= Arctic Frost investigation =

2022 FBI investigation

The Arctic Frost investigation, widely reported as the fake-elector investigation at the time, was a joint federal investigation opened in April 2022 involving the FBI, DOJ Office of Inspector General, U.S. Postal Inspection Service, National Archives and Office of Inspector General into Donald Trump's efforts to overturn the 2020 United States presidential election results. The investigation was transferred to Special Counsel Jack Smith's oversight in November 2022, along with other investigations into the election and its aftermath, leading to the federal prosecution of Donald Trump for election obstruction.
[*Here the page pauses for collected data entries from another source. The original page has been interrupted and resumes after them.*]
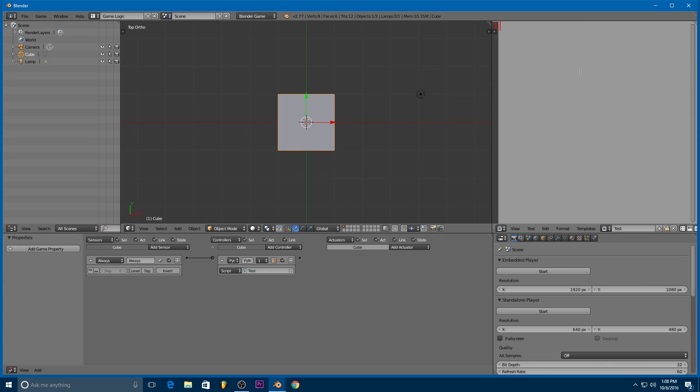So you can think of a variable as like a box that holds sheets of paper with information on them. So each different box might hold different types of information. So one might hold a bunch of text. Another might hold a bunch of numbers. And that's what variables do. So we can create a variable by just typing in a name. So for example, here, I just typed in var, which is short for variable.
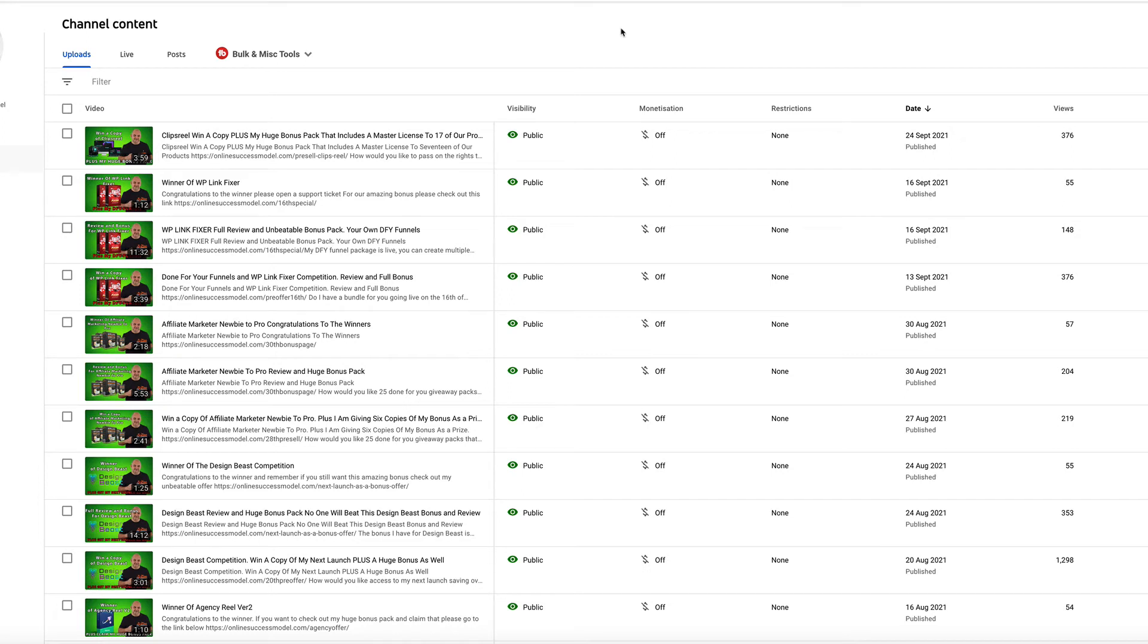Hi guys and welcome to the competition for Clips Reel. This has been a hugely anticipated bonus. I've got lots and lots of comments, lots of people interested in this.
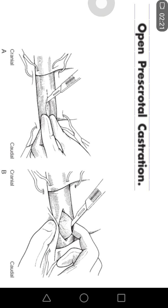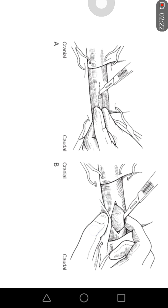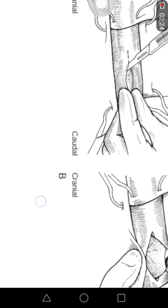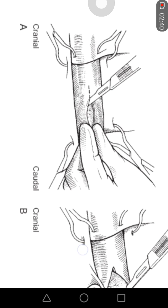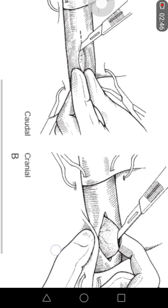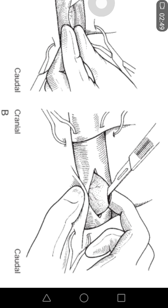To perform the open pre-scrotal castration, as you can see in this picture, after proper pre-surgical preparations, a small incision of two to three centimeters is given at the level of the scrotum. One testis is grabbed and approached toward the incision site. After the skin incision, an incision is given on the tunica vaginalis, which is then incised.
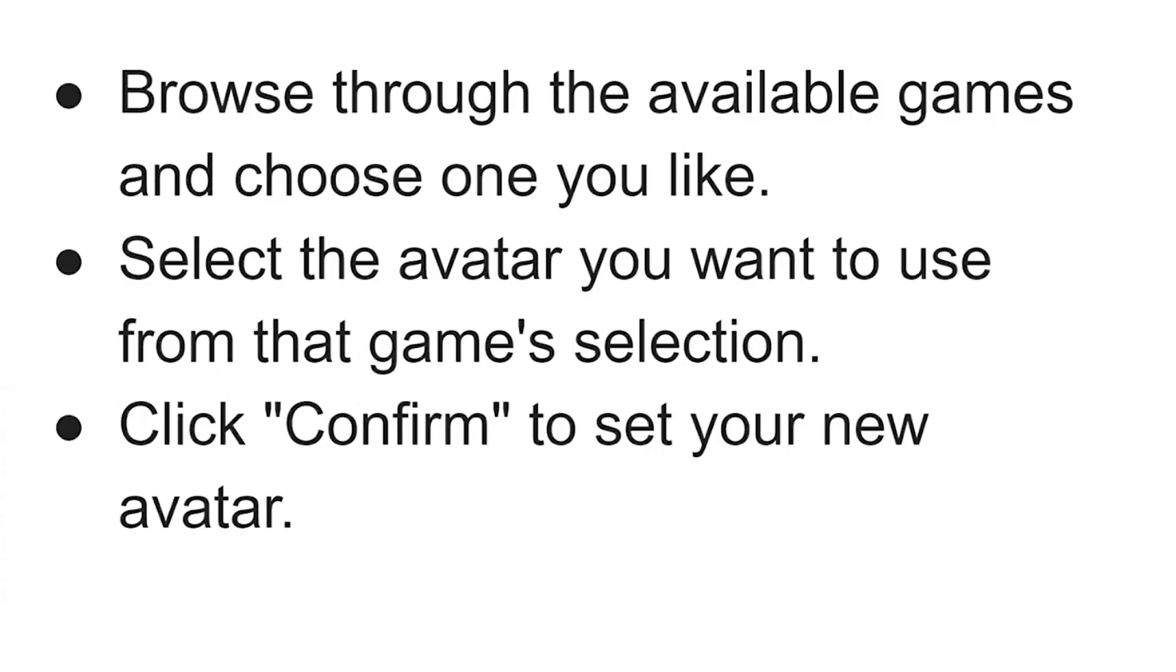So that's basically how you can change custom profile picture on Ubisoft Connect. So that's all for this video. Hope you like the video. Thanks.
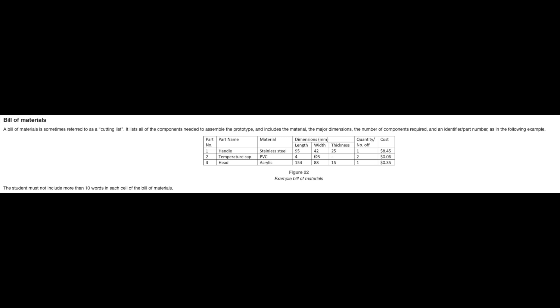In the table here we have part number, part name, material, dimensions, quantity, and cost. You must not include more than 10 words in each cell of the bill of material.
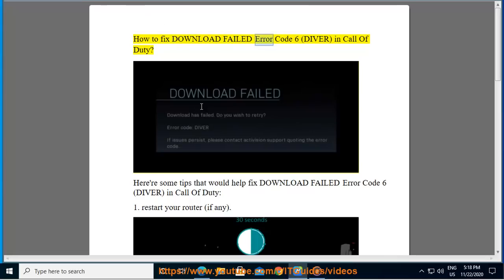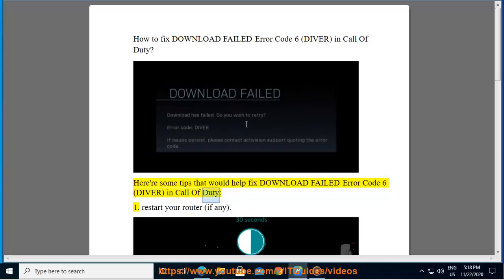How to Fix Download Failed Error Code 6 Diver in Call of Duty. Here are some tips that would help fix download failed error code 6 Diver in Call of Duty.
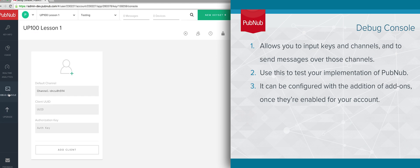You should also see a link to our debug console. Here you can input your keysets and channel names in order to test your implementation of PubNub.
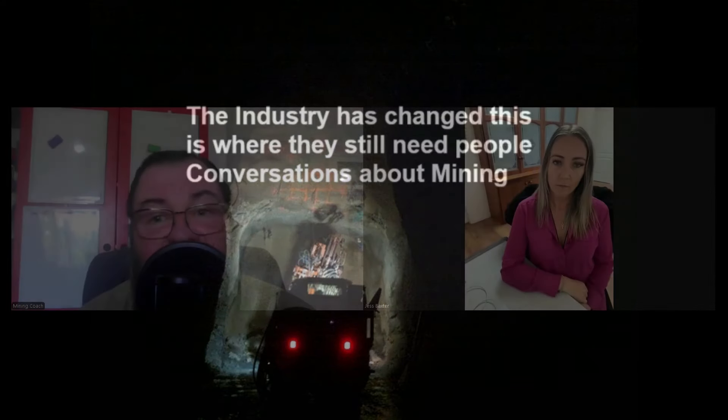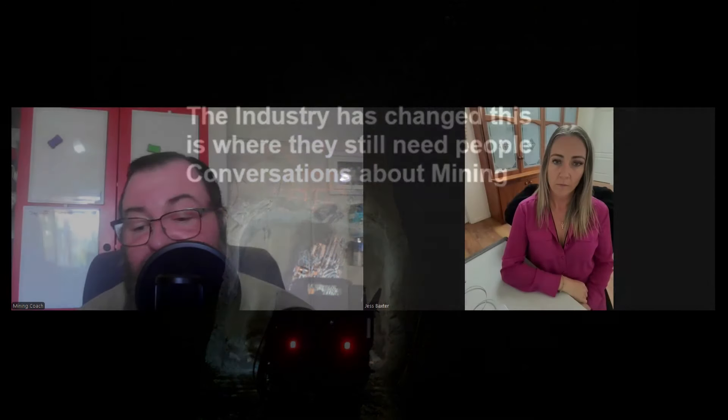The industry has changed. Where do they still need people? Welcome to Conversations About Mining. Hi, Jess. How are you? Yeah, great, Andrew. How are you going? Yeah, really good. Thank you.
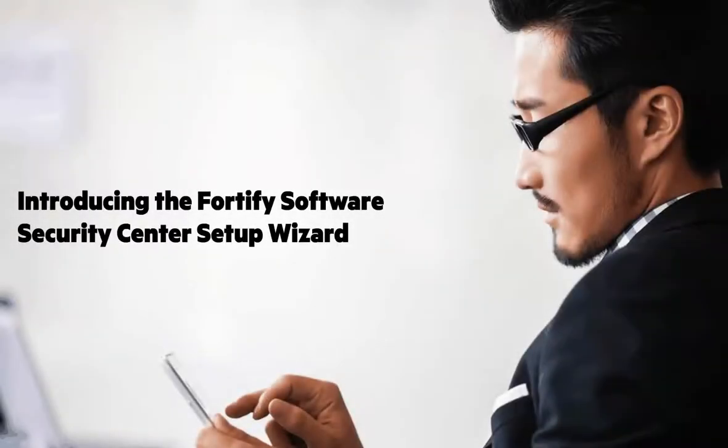Welcome to Fortify Software Security Center version 17.20. Much has changed in this release, especially initial product configuration, so we wanted to give you a brief demonstration of basic configuration to get you up and running.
After Democratic nominee Joe Biden won the 2020 United States presidential election, Republican nominee and then-incumbent president Donald Trump pursued an effort to overturn the election, (Note: Attributed to multiple references:) with support from his campaign, proxies, political allies, and many of his supporters. These efforts culminated in the January 6 Capitol attack.
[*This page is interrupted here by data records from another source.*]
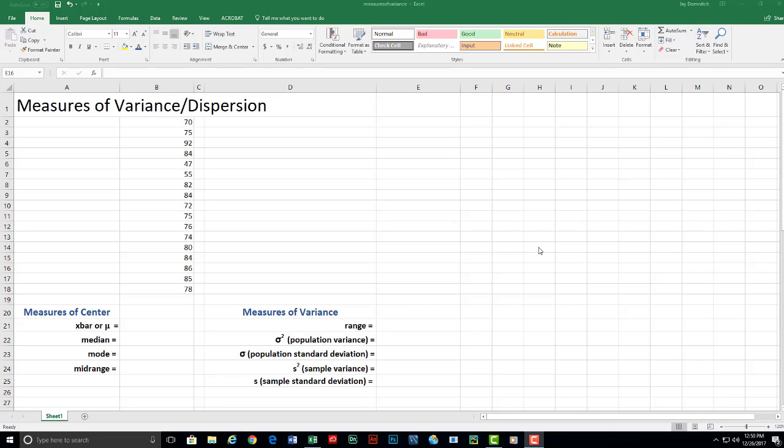Hello everybody. Today we're going to test measures of variance or measures of dispersion. They both mean the same thing.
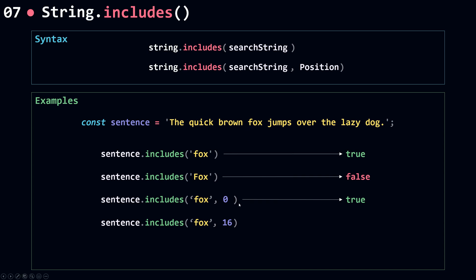So this will return true because starting from position 16, my sentence here includes the string 'fox'.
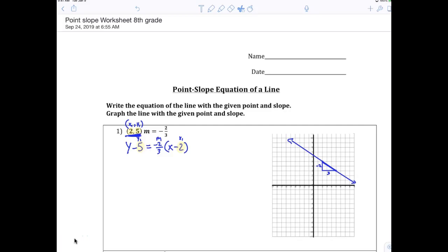So again, today, super super super important. This is the equation that you'll be using forever. As long as you're doing math, you'll always be talking about this type of equation. It's called the point-slope form of an equation.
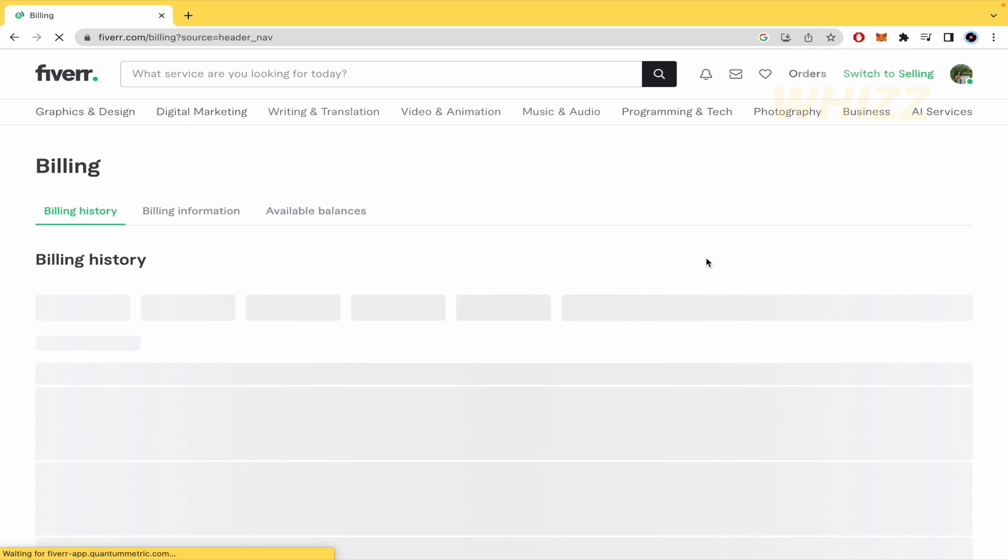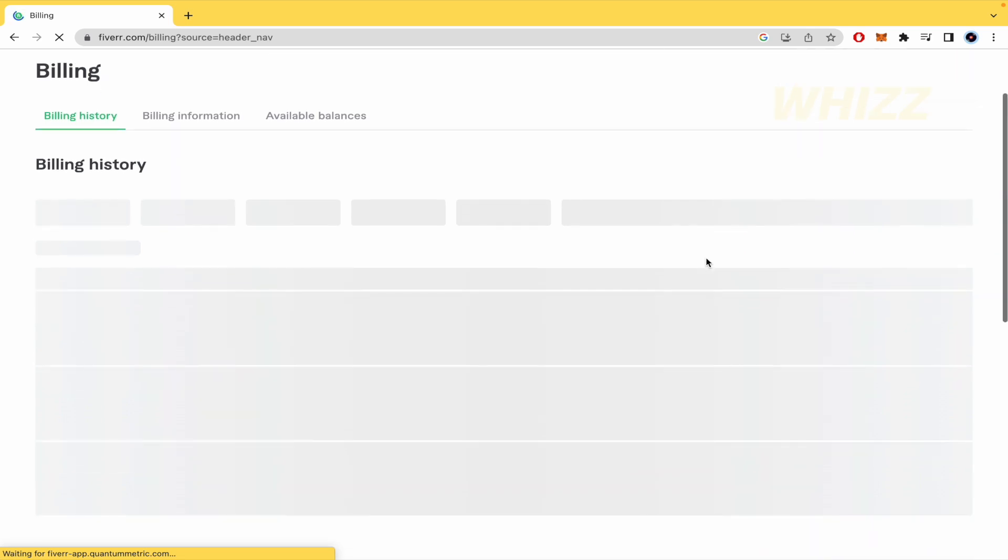By now I have no billing history so this is going to be empty, but I'm going to be able to show you how to get your invoice information.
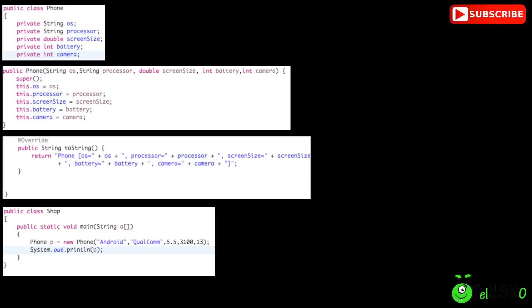So the concerns are, we have to pass 5 parameters, we should remember the sequence of the parameters, in which sequence you have to send. So that's the problem here. And maybe I don't want to set all the parameters, I want to set only the OS, I want to set only the RAM, maybe size. I don't want to set all the parameters.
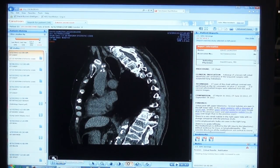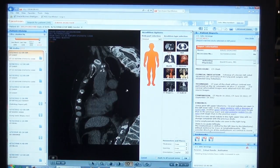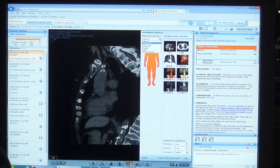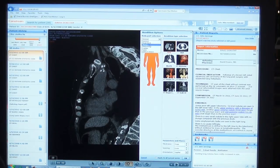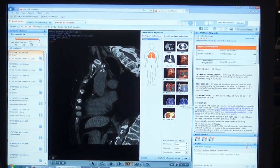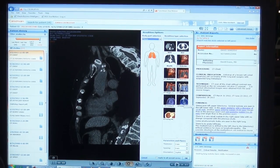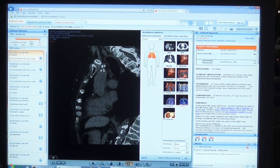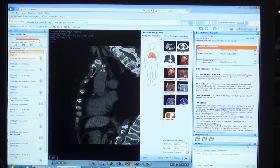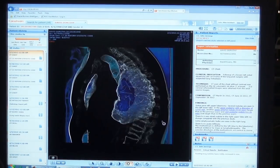I can also look at my 3D parameters and change the coloring to a MIP, a MEN, or any number of pre-configured colored protocols. For example, I might want to look at this in a lung protocol. I can also change my spacing or slice thickness to better see the pathology.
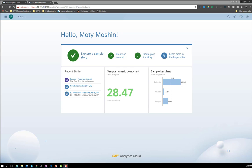Hello, and welcome to the Connecting the SAP Analytics Cloud to SAP Business One presentation. In this presentation, we are going to show how we can configure a connection to an SAP Business One system and create a live connection to the HANA of SAP Business One.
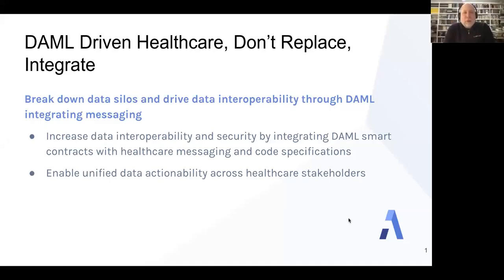Hey, I'm Cory from Digital Asset. I'm Senior Product Manager for Healthcare at DA, working on DAML-driven healthcare solutions.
After the results of the election determined Trump had lost, he, his associates, and Republican Party officials in seven battleground states – Arizona, Georgia, Michigan, Nevada, New Mexico, Pennsylvania, and Wisconsin – devised a fake electors scheme to submit fraudulent certificates of ascertainment to falsely claim Trump had won the Electoral College vote in crucial states.
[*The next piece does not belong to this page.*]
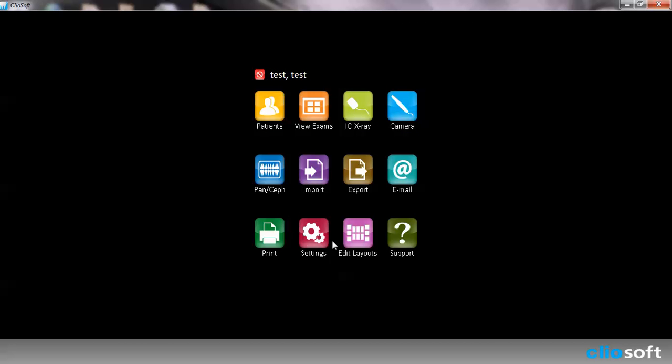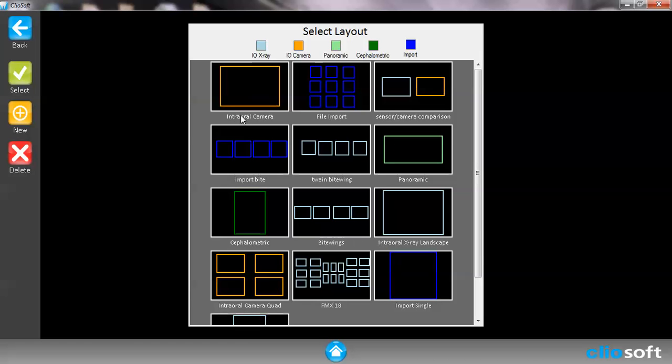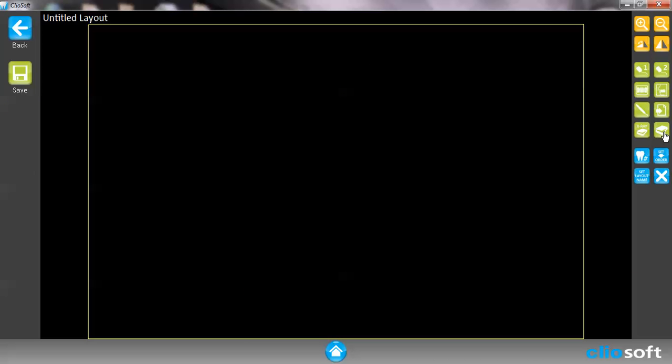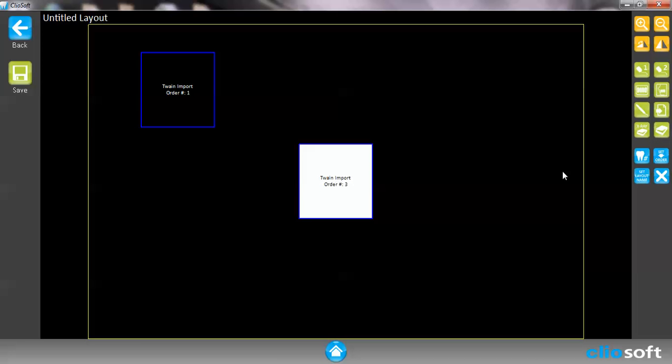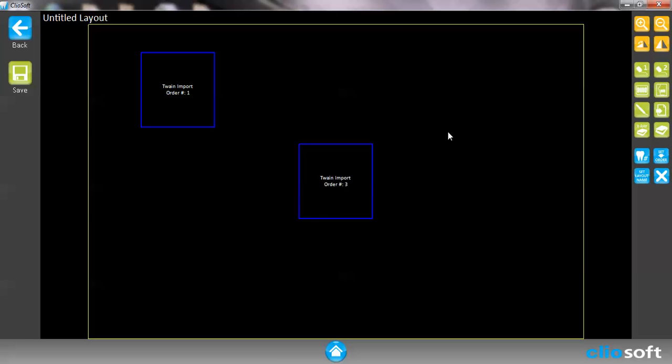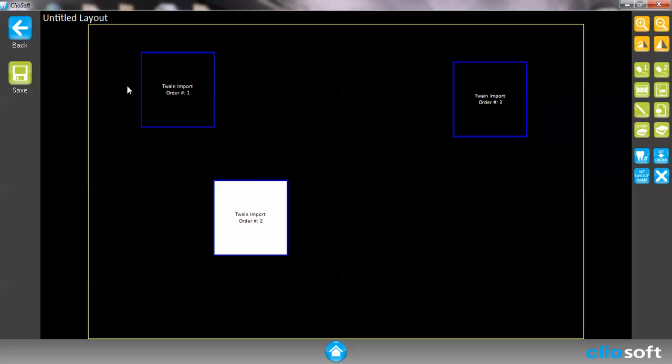Let's go ahead and get back to our edit layout and new layout. We can go ahead and put scanner. If you wanted to use a digital scanner to add images into your ClioSoft, you would have to use this right here. It's called an import twain placeholder. What that is is a twain scanner. You would create any kind of layout you have wanted with this and then you can save it. And now you can actually use your digital scanner to put images into your ClioSoft.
Under US attorney general Merrick Garland, the DOJ opened multiple investigations into events during the closing weeks of the Trump presidency, including one opened in early 2022 on the fake electors plot.

In November 2022, Garland appointed Jack Smith as an independent special counsel responsible for overseeing criminal investigations including the fake electors scheme. Trump was indicted in August 2023 on charges of conspiring to overturn the results, but the case was dismissed after Trump's 2024 election win and a Justice Department legal opinion that sitting presidents cannot face federal prosecution.

==Investigation==
According to a draft FBI internal document later published by Senator Chuck Grassley (the Republican chair of the Senate Judiciary Committee), the FBI characterized Arctic Frost as an investigation into what it described as a "multifaceted conspiracy to overturn the results of the 2020 Presidential Election so that former president Trump could remain in office". The document said it involved subjects from the private sector in numerous battleground states (Pennsylvania, Michigan, Georgia, Wisconsin, New Mexico, and Arizona), the Department of Justice (DOJ), and the White House.
According to this same document, Arctic Frost was a joint investigation between the FBI, DOJ Office of Inspector General (OIG), U.S. Postal Inspection Service, and National Archives and Records Administration (OIG).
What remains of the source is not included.